Osterinsel

Geschichtsforschung und Mythen

Langsam begannen sich Geschichtswissenschaftler für das sonderbare Eiland und seine Kultur zu interessieren. Am berühmtesten ist wohl der Norweger Thor Heyerdahl, der zu beweisen versuchte, dass die Bewohner der Insel ursprünglich aus Südamerika kamen. Mit seinem nach alten Vorbildern gebauten Floß "Kon Tiki" gelang es ihm, die Strecke vom Festland bis hin zu einer anderen, 8000 Kilometer entfernten Südseeinsel zu überwinden. Genetische und linguistische Forschungen haben aber heute ergeben, dass die Ursprünge der Bevölkerung der Osterinsel wirklich aus dem polynesischem Raum kam.

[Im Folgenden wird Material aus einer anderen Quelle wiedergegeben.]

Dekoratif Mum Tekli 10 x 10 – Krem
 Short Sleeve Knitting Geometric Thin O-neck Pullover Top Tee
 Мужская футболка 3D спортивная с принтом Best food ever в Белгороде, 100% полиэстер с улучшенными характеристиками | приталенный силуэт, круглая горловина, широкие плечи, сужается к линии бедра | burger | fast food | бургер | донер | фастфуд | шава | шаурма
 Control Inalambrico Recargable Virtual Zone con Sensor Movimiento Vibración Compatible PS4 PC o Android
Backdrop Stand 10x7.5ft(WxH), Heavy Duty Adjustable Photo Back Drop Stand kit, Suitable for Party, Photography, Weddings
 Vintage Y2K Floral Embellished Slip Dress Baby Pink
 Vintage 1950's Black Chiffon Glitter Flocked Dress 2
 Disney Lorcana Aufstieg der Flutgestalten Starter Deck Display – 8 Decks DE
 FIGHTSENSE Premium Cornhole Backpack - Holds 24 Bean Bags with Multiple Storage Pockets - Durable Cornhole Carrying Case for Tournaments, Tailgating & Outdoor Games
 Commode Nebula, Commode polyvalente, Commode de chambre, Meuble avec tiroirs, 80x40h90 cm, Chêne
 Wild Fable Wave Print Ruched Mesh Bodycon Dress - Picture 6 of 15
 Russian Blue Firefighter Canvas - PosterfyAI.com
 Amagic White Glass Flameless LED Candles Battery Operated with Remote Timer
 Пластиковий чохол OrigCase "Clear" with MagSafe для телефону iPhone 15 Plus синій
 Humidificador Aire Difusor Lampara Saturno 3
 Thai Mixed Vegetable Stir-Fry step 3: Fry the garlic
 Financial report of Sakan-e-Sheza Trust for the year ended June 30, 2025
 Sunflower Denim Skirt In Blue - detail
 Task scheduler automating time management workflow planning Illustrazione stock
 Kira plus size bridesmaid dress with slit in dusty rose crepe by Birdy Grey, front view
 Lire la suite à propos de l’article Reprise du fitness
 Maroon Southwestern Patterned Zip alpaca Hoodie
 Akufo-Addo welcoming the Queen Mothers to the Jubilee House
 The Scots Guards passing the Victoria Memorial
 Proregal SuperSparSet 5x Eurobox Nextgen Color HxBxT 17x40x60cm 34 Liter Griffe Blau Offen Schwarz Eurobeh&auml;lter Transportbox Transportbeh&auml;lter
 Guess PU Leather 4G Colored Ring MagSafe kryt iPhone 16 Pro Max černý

Das heutige Inselmuseum sowie die Inventarisierung der Statuen und Bauwerke und eine Erforschung der ursprünglichen Sprache, Grammatik und der alten Legenden ist dem Pater Sebastian Englert zu verdanken, der von 1937 bis 1969 auf der Insel lebte.

Liegende Köpfe

Umgestürzte Steinköpfe

Verschiedene Mythen und Theorien ranken sich um die Osterinsel und ihre Bauwerke. So gab die Tatsache, dass in den Kratern Pollen von kiefernähnlichen Bäumen gefunden wurden, Anlaß zu der Spekulation, die Osterinsel wäre nur der obere Teil einer größeren, durch ein Erdbeben oder eine ähnliche Naturkatastrophe versunkenen Landmasse. Auch hierzu soll es Legenden geben, die davon berichten, dass König Hotu Matua einst über ein großes Land namens Hiva geherrscht hätte, das bei einer Art Sintflut versank, so dass nur die eine Insel übrig blieb, um die Überlebenden auf zu nehmen. Eine andere behauptet, der erzürnte Gott Uoke hätte die Landmasse mit einem "Hebelbalken" zerbrochen.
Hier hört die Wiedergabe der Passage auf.